The moment he saw Laura Steenrod’s Facebook post, Jimmy Torano knew he had to help. It was 1 a.m.; he’d gotten up for a glass of water and just happened to check Facebook on his way back to bed.
Steenrod, a trainer out of Jackson, Michigan, had put out a request to grand prix riders competing at the Kentucky Summer Shows from July 24-Aug. 4. On Nov. 15, 2018, one of her students, 17-year-old Hannah Glair, hit a patch of black ice while driving home, lost control and was killed in the accident. Glair had dreamed of one day riding in the Rolex Stadium but never got the chance. Would someone be willing to carry some of her ashes while competing in the grand prix?
“It took me about a second to say I’ll do it,” said Torano. “It just hit me. Immediately when I saw it I was thinking I could talk to management and see if I could stay in the ring for an extra minute and gallop around for Hannah.”
The idea came about after Glair’s parents, Julie and Mike Glair, of Munith, Michigan, began reading some of her journals. Though Hannah had never competed at the Kentucky Horse Park, she was a frequent visitor and wrote of how one of her favorite things was sitting in the Rolex Stadium and watching the horses compete. The Glairs wanted to honor their daughter by spreading her ashes at some of her favorite places, so they approached Steenrod about bringing a piece of Hannah to Kentucky.
“I asked, ‘What did she see herself doing?’ ” Steenrod said. “She knew she might not be a grand prix rider, but she wrote she would love to get to go around the ring someday. I said, ‘Let me make a few inquiries,’ and with their permission see if we could not just get her ashes down there, but see if we could get her a ride.”
Steenrod made a few private inquiries but didn’t have any luck, so she made a public Facebook post on May 9. Torano, who doesn’t know Steenrod or Hannah, saw the post when Caroline Moran shared it, and he was the first to offer Hannah a ride.
“Many people said, ‘Let me check with somebody,’ ” Steenrod said. “Jimmy was the first one of anyone to step in and claim it. I woke up this morning, and I read [his comment], and I burst into tears.”

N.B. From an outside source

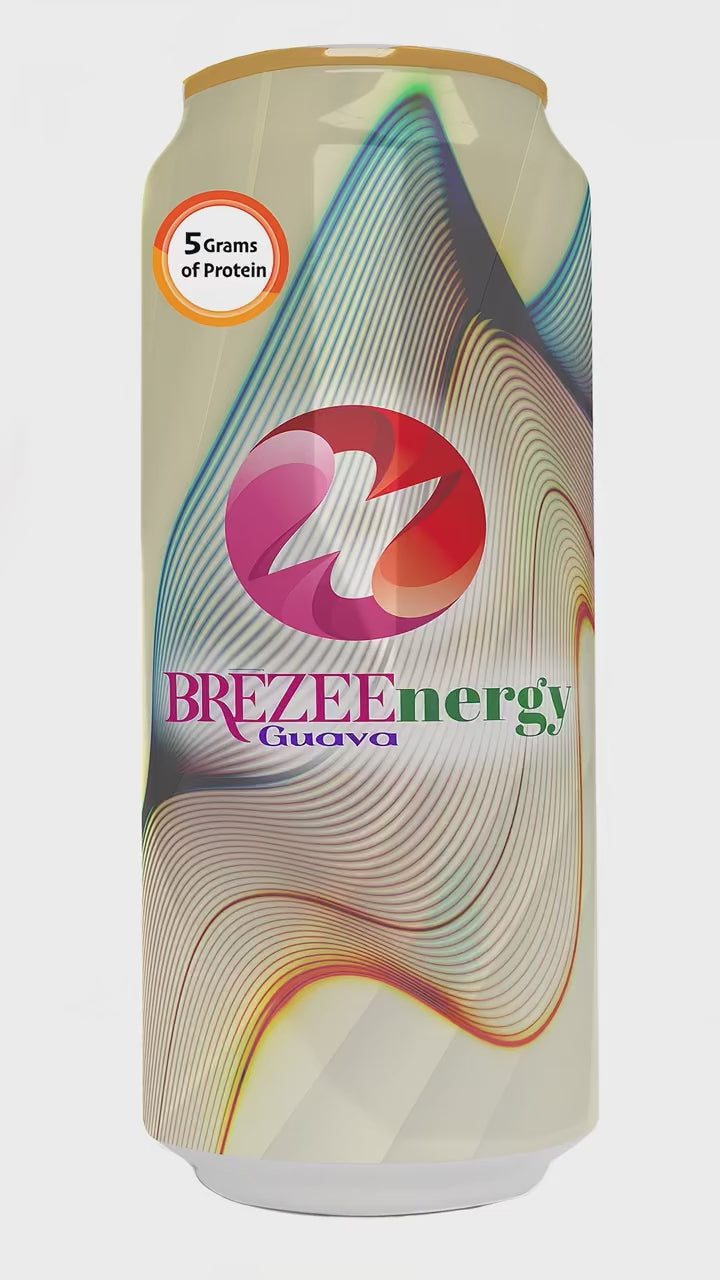 Brēzee Energy (Guava) — 12-Pack — product video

“I’m glad and happy I can help,” Torano said. “I don’t know her; I don’t know the family. I think they’re coming, and I’ll get to meet them. I think it’ll be a touching, emotional night, and I’m looking forward to it.”
Steenrod said Hannah had a remarkable dedication to horses that went far beyond the love of the sport.
“[I can’t believe] how incredible the horse industry has been—the number of shares and comments and subsequent offers that people would be willing to do the same thing,” Steenrod said. “I think that Hannah was one of those kids who reminded me that the horses were the thing of dreams. I have no doubt she’ll make an appearance.”